Die Verhältniszahlen zwischen Tirol und Vorarlberg zeigen, dass im Vergleich zu denen der Gesamtbevölkerung in Abwanderungs- und Zuwachsgemeinden die Tiroler Theologiestudenten insgesamt wie auch aus den einzelnen Wirtschaftssektoren proportional stärker im Priesterseminar vertreten waren als die Vorarlberger. Die Unterschiede in Gegenden mit einem Bevölkerungsrückgang waren in Tirol im Vergleich zu Vorarlberg geringfügig höher als in den Wachstumsgemeinden; überproportional besonders stark vertreten waren allerdings die Studenten der Tiroler Abwanderungsgebiete aus dem sekundären Sektor.

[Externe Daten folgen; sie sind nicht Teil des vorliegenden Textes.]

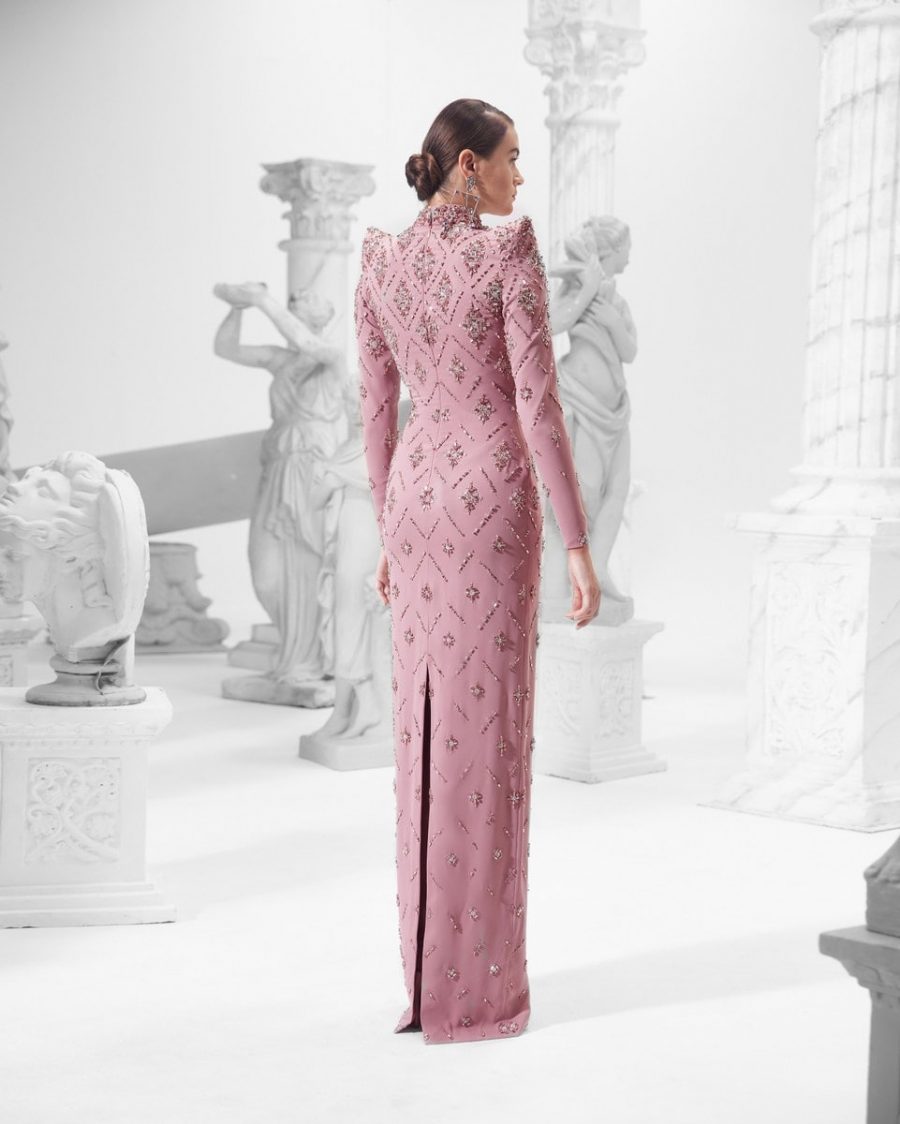 Katherine Pink Straight Cut Diamond Maxi Dress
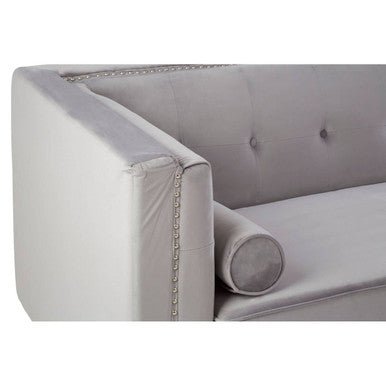 Felisa Grey Velvet 3 Seater Sofa with Stud Detail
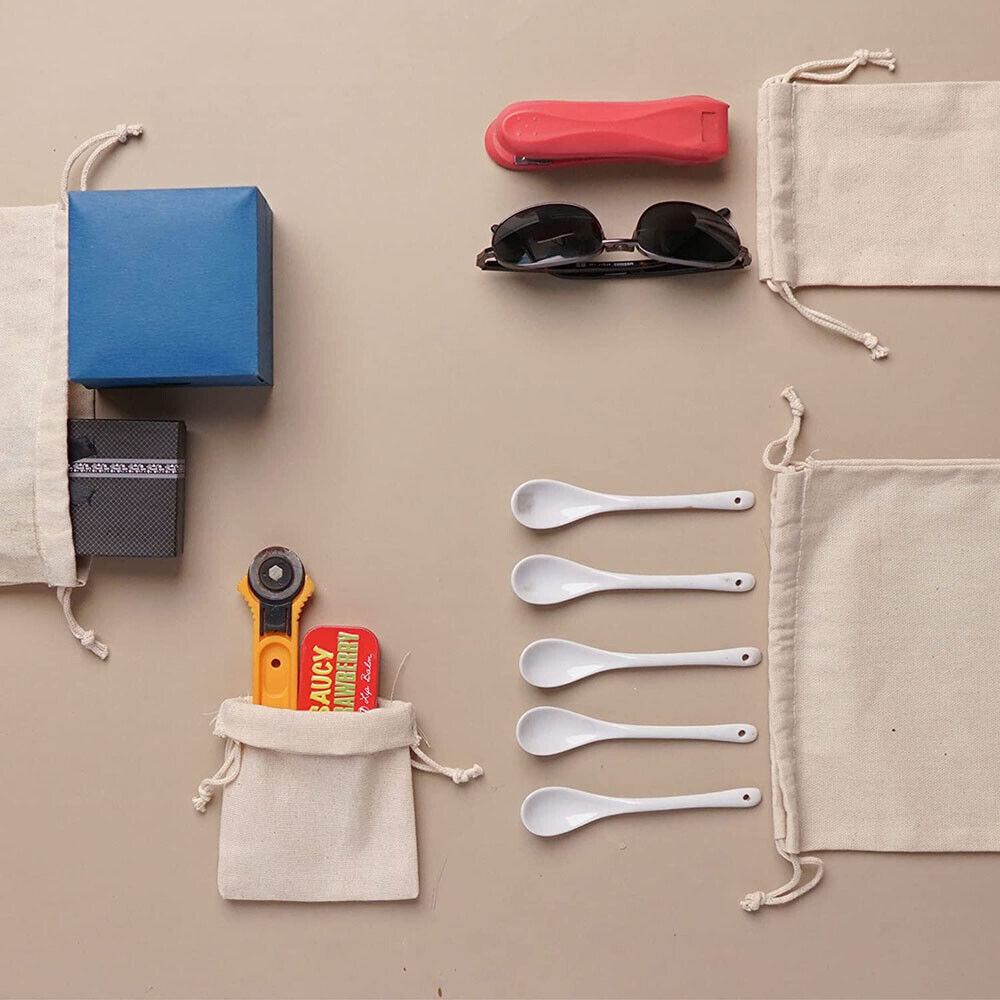 50Pcs 20X30cm Drawstring Storage Bags Calico Bags Linen Tote Gift Bag Bulk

Eine ausschliessliche Betrachtung des Vorarlberger Gebietes der Diözese verdeutlicht, dass ländliche Räume im Hinblick auf den Priesternachwuchs für die Kirche nicht nur bedeutsam, sondern geradezu notwendig waren. In Tirol, das insgesamt im 19. Jahrhundert noch weitgehend agrarisch geprägt war, lebten die Menschen etwa zu gleichen Teilen in Gegenden mit einer schrumpfenden und solchen mit einer wachsenden Bevölkerung und die Herkunft der Theologiestudenten verteilte sich in etwa genauso. In Vorarlberg hingegen wohnten weit weniger Personen in ausgesprochen ländlichen Regionen beziehungsweise Abwanderungsgebieten und der Anteil der aus solchen Gegenden stammenden Priesterseminaristen war im Vergleich zur dort lebenden Bevölkerung deutlich höher. Zuwanderungsgebiete waren in Vorarlberg dagegen verhältnismässig stärker bevölkert als in Tirol, - eine Tatsache, die nicht nur ein relatives Übergewicht in quantitativer Hinsicht widerspiegelt, sondern hinter der sich auch qualitative Unterschiede verbergen.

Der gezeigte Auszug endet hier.